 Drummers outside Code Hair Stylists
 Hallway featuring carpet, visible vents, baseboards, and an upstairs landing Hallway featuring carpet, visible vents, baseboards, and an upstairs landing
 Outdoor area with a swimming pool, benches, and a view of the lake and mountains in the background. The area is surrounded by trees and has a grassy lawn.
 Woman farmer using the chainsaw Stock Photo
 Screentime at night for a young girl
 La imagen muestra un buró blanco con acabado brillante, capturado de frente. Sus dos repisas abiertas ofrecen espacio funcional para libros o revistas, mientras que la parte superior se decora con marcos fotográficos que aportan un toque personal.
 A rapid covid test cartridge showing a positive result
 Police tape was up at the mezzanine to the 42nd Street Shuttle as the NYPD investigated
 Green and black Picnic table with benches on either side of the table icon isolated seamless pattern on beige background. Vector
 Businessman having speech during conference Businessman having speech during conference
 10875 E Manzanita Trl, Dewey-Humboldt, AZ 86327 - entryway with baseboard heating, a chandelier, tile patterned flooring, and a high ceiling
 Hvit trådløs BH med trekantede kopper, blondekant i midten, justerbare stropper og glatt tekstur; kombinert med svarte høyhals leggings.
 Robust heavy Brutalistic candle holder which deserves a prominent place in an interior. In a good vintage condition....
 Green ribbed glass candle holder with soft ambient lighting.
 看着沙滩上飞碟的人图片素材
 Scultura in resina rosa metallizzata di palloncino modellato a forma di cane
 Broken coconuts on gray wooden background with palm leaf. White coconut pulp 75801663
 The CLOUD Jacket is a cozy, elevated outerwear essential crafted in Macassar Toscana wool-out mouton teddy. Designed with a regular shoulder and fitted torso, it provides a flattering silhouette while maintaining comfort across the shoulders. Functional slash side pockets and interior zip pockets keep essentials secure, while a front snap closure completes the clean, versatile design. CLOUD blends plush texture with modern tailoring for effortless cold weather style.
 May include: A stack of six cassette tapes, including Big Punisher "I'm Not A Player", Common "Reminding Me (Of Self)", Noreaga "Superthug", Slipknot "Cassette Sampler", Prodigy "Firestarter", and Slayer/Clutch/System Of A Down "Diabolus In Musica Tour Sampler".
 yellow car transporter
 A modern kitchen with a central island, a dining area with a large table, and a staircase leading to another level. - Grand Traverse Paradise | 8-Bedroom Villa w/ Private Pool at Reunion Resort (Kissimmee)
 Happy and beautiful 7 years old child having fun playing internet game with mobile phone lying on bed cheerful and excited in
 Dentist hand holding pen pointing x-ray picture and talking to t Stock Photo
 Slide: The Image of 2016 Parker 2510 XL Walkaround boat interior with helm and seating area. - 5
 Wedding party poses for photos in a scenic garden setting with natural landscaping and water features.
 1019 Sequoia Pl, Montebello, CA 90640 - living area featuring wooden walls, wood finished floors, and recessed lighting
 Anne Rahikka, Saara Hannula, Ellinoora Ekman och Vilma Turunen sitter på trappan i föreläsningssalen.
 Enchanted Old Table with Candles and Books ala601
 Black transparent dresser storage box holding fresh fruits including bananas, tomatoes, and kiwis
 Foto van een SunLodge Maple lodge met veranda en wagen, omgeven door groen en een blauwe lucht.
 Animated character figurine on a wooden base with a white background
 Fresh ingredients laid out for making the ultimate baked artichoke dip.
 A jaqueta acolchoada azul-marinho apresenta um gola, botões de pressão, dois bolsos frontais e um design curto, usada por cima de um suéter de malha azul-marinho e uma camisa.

-=-=-

▶ [Description of the task]:
Would you please copy out every line of the data exactly?

▶ [Answer section]:
 Drummers outside Code Hair Stylists
 Hallway featuring carpet, visible vents, baseboards, and an upstairs landing Hallway featuring carpet, visible vents, baseboards, and an upstairs landing
 Outdoor area with a swimming pool, benches, and a view of the lake and mountains in the background. The area is surrounded by trees and has a grassy lawn.
 Woman farmer using the chainsaw Stock Photo
 Screentime at night for a young girl
 La imagen muestra un buró blanco con acabado brillante, capturado de frente. Sus dos repisas abiertas ofrecen espacio funcional para libros o revistas, mientras que la parte superior se decora con marcos fotográficos que aportan un toque personal.
 A rapid covid test cartridge showing a positive result
 Police tape was up at the mezzanine to the 42nd Street Shuttle as the NYPD investigated
 Green and black Picnic table with benches on either side of the table icon isolated seamless pattern on beige background. Vector
 Businessman having speech during conference Businessman having speech during conference
 10875 E Manzanita Trl, Dewey-Humboldt, AZ 86327 - entryway with baseboard heating, a chandelier, tile patterned flooring, and a high ceiling
 Hvit trådløs BH med trekantede kopper, blondekant i midten, justerbare stropper og glatt tekstur; kombinert med svarte høyhals leggings.
 Robust heavy Brutalistic candle holder which deserves a prominent place in an interior. In a good vintage condition....
 Green ribbed glass candle holder with soft ambient lighting.
 看着沙滩上飞碟的人图片素材
 Scultura in resina rosa metallizzata di palloncino modellato a forma di cane
 Broken coconuts on gray wooden background with palm leaf. White coconut pulp 75801663
 The CLOUD Jacket is a cozy, elevated outerwear essential crafted in Macassar Toscana wool-out mouton teddy. Designed with a regular shoulder and fitted torso, it provides a flattering silhouette while maintaining comfort across the shoulders. Functional slash side pockets and interior zip pockets keep essentials secure, while a front snap closure completes the clean, versatile design. CLOUD blends plush texture with modern tailoring for effortless cold weather style.
 May include: A stack of six cassette tapes, including Big Punisher "I'm Not A Player", Common "Reminding Me (Of Self)", Noreaga "Superthug", Slipknot "Cassette Sampler", Prodigy "Firestarter", and Slayer/Clutch/System Of A Down "Diabolus In Musica Tour Sampler".
 yellow car transporter
 A modern kitchen with a central island, a dining area with a large table, and a staircase leading to another level. - Grand Traverse Paradise | 8-Bedroom Villa w/ Private Pool at Reunion Resort (Kissimmee)
 Happy and beautiful 7 years old child having fun playing internet game with mobile phone lying on bed cheerful and excited in
 Dentist hand holding pen pointing x-ray picture and talking to t Stock Photo
 Slide: The Image of 2016 Parker 2510 XL Walkaround boat interior with helm and seating area. - 5
 Wedding party poses for photos in a scenic garden setting with natural landscaping and water features.
 1019 Sequoia Pl, Montebello, CA 90640 - living area featuring wooden walls, wood finished floors, and recessed lighting
 Anne Rahikka, Saara Hannula, Ellinoora Ekman och Vilma Turunen sitter på trappan i föreläsningssalen.
 Enchanted Old Table with Candles and Books ala601
 Black transparent dresser storage box holding fresh fruits including bananas, tomatoes, and kiwis
 Foto van een SunLodge Maple lodge met veranda en wagen, omgeven door groen en een blauwe lucht.
 Animated character figurine on a wooden base with a white background
 Fresh ingredients laid out for making the ultimate baked artichoke dip.
 A jaqueta acolchoada azul-marinho apresenta um gola, botões de pressão, dois bolsos frontais e um design curto, usada por cima de um suéter de malha azul-marinho e uma camisa.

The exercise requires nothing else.